Drew Nicholas was an important part of Coach Gary Williams' rotation last season, filling in at point guard and both wing positions. He has not been as consistent as some fans would like, but he has still averaged 17 points per game and connected on 41% of his threes and 85% of his free throws.

He has seemed to score in spurts this season, but two of those spurts were critical in the Terps pulling out that ugly 52-47 win at Clemson and a tough 74-72 win at Florida State. Of course, Nicholas made possibly the single biggest shot of the season to beat NC State.

He is not a player who can consistently carry an offense, but who is? He has made his share of big plays going back to last season's improbable win at Virginia and developed into one of the best scoring threats in the ACC. Let's not forget his defensive abilities. I don't think Duke's JJ Redick will anytime soon.

Tajh Holden has never put up big numbers, and his career will be viewed as a disappointment by some. He has, however, often saved his best for the toughest opponents. It is quite possible the Terps would not have won the National Championship last season without his efforts off the bench against Kansas.

Holden played perhaps his best game of the season at NC State Sunday, almost single-handedly keeping the Terps in the game during the first half. He also came up big in the recent blowout win over Wake Forest and the loss at Duke. He has very quietly developed into a shot blocker, leading the ACC in that category.

Ryan Randle has become one of the best low post players in the ACC. There have been games where his shot has not fallen, but he has also had some monster performances this season.

He had something of a coming out party in the early season game against Indiana with 20 points and 16 rebounds, and dominated Duke at the Comcast Center with 15 points and 17 rebounds.

Calvin McCall has been the most pleasant surprise of this group. Although he has a career high of only 11 points, he has often supplied a game-changing jolt of energy to the Terps lineup.
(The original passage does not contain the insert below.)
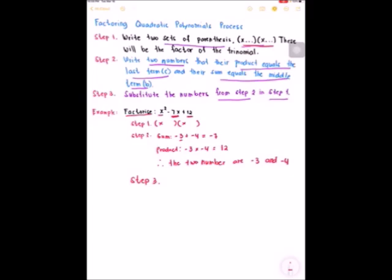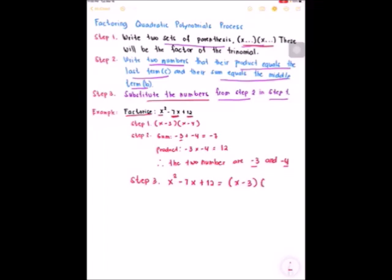We are ready for step 3. We are going to substitute the numbers from step 2 into step 1. So we have minus 3 and minus 4. Therefore, our answer: x squared minus 7x plus 12 factors as x minus 3 times x minus 4. That is how we factor quadratic polynomials.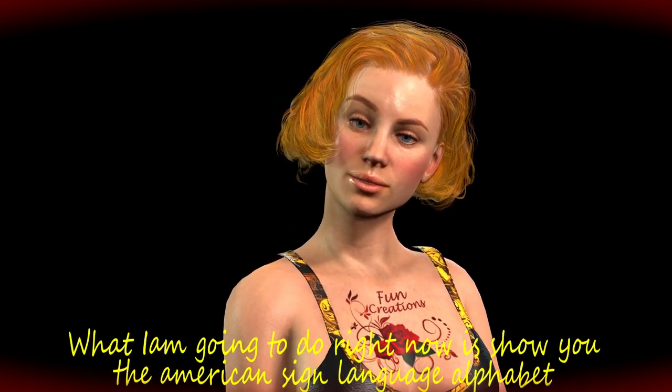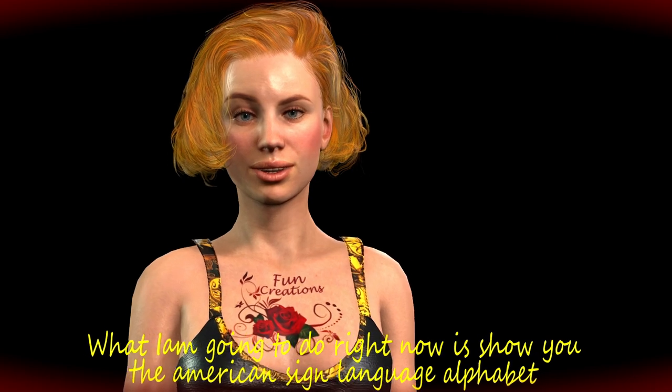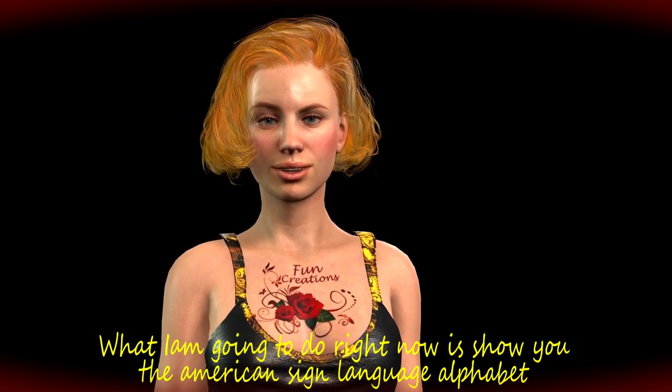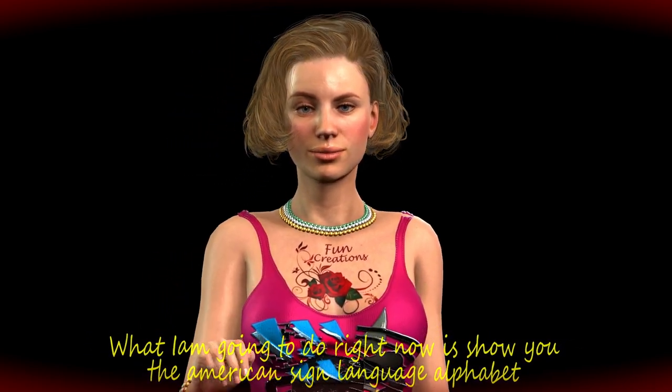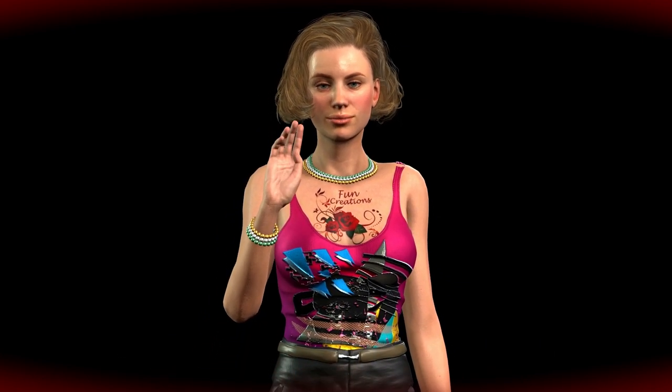What I am going to do right now is show you the American Sign Language alphabet, starting with the letter A and ending with Z. You know what? I think it will take a bit too long to go to the letter Z, so let's just go to the letter P, as I'm sure you have other things to do.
In the recent Wake Forest game, Maryland was off to a sluggish start until McCall entered the game and started making plays at both ends of the court. He has fit very nicely into the role of a player who provides the intangibles and gets his teammates to lift their games.

My point here is to encourage Maryland fans to remember this group of players not for what they did not do, but for their very positive contributions to the basketball program. These young men have been a credit to their team and school both on and off the court. They have earned and deserve our respect. This is even more so after the way they gutted out a tough win Sunday night. Gary Williams said earlier in the season "I don't know from game to game how this team is going to be good." They weren't very good Sunday night, yet had the toughness and heart to find a way to win in a very hostile environment.

By the way, the Terps have an excellent opportunity to win the ACC Tournament this year. That is something even the Dixon-Baxter group did not accomplish and would give this year's seniors the opportunity to have their own banner hanging from the Comcast Center. This would add to a "sequel" already a hit on its own merits.